El 13 de junio, solo tres días después de que la institución estrenara una nueva puerta de acceso por el lado canadiense, la chilena compró entradas para una función en el teatro del lugar, que tiene capacidad para 400 personas y también queda dividido por la frontera. Esa noche se presentaba la obra Dear Evan Hansen.
Chilena entró por Canadá y salió en Estados Unidos
De acuerdo con las autoridades, González Vidal compró dos entradas: una desde Canadá y otra desde Estados Unidos. Usó la primera para entrar por el lado canadiense y la segunda para salir por el lado estadounidense.
En medio del evento, además, se cambió de ropa. Así, con una mezcla de planificación y esa “viveza” chilena, cruzó de un país a otro dentro de la misma biblioteca: entró por una puerta y salió por la otra.
Pero la maniobra duró poco. Esa misma noche, agentes de la Patrulla Fronteriza la detuvieron en Derby Line, Vermont, después de que llamara a la puerta de una casa ubicada en la misma calle que el edificio Haskell. La mujer pidió indicaciones para llegar a un motel cercano. Cuando la encontraron, llevaba en la mano un folleto de la biblioteca, según informaron las autoridades.

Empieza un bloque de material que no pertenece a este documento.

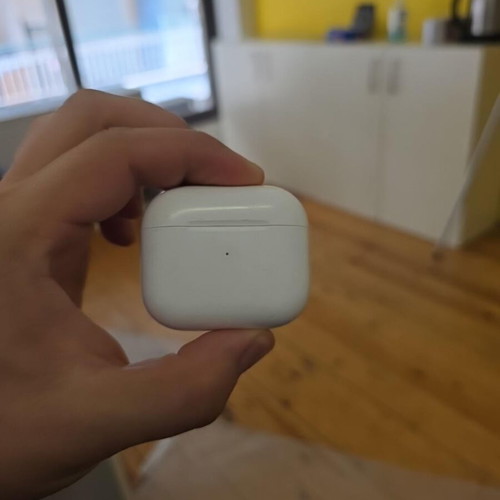 Apple AirPods Pro 1st generation used with charging case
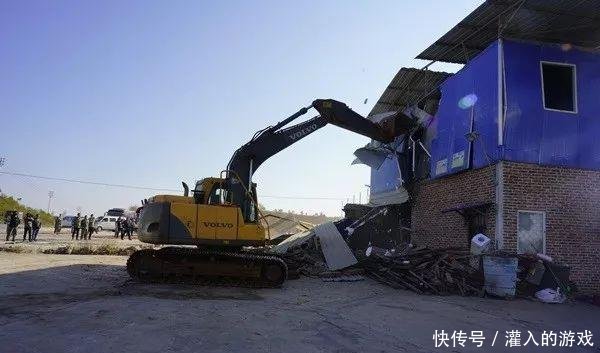 拆！一天两万平米！违规的田园梦该醒醒了！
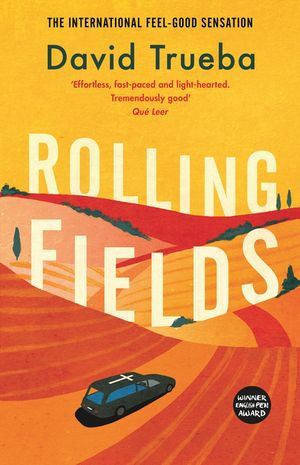 Rolling Fields : Tony Hill and Carol Jordan - David Trueba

El caso llegó a la justicia estadounidense. González Vidal ya había ingresado legalmente en ocasiones anteriores a Estados Unidos, por lo que no se entiende su accionar en esta ocasión.
La chilena finalmente se declaró culpable de ingresar ilegalmente a Estados Unidos y recibió una condena equivalente al tiempo que ya había pasado en prisión desde su detención, informó el medio estadounidense.
Los problemas de una biblioteca en la frontera
El episodio ocurrió en medio de la tensión por el uso del edificio fronterizo. Hasta marzo de 2025, el gobierno estadounidense permitía que visitantes canadienses entraran a la biblioteca y a la ópera desde el lado de Estados Unidos sin pasar por aduana, siempre que luego regresaran a Canadá. Sin embargo, el Servicio de Aduanas y Protección Fronteriza puso fin a ese acuerdo, argumentando un “aumento continuo de la actividad transfronteriza ilícita” en los alrededores del edificio.
Los responsables de Haskell rechazaron que el lugar representara un riesgo para la seguridad y, tras una campaña de recaudación de fondos, construyeron una nueva entrada canadiense. Esa puerta, inaugurada el 10 de junio en una ceremonia con autoridades de ambos países, buscaba mantener vivo el espíritu binacional del recinto. Tres días después, terminó siendo parte del recorrido de González Vidal.
La Fiscalía del Distrito de Vermont afirmó que el caso de la chilena forma parte de un aumento reciente de cruces ilegales hacia el estado. Según el organismo, en las últimas seis semanas se procesó a 60 personas de 20 países por delitos vinculados a la frontera.
Sin embargo, los datos disponibles de la Oficina de Aduanas y Protección Fronteriza aún no respaldan del todo esa afirmación. En mayo, el último mes con cifras, el sector de Swanton —que incluye Nuevo Hampshire, Vermont y partes de Nueva York— registró 107 detenciones, más que las 72 de abril, pero menos que las 125 de mayo de 2025 y muy lejos de las 2.911 de mayo de 2024.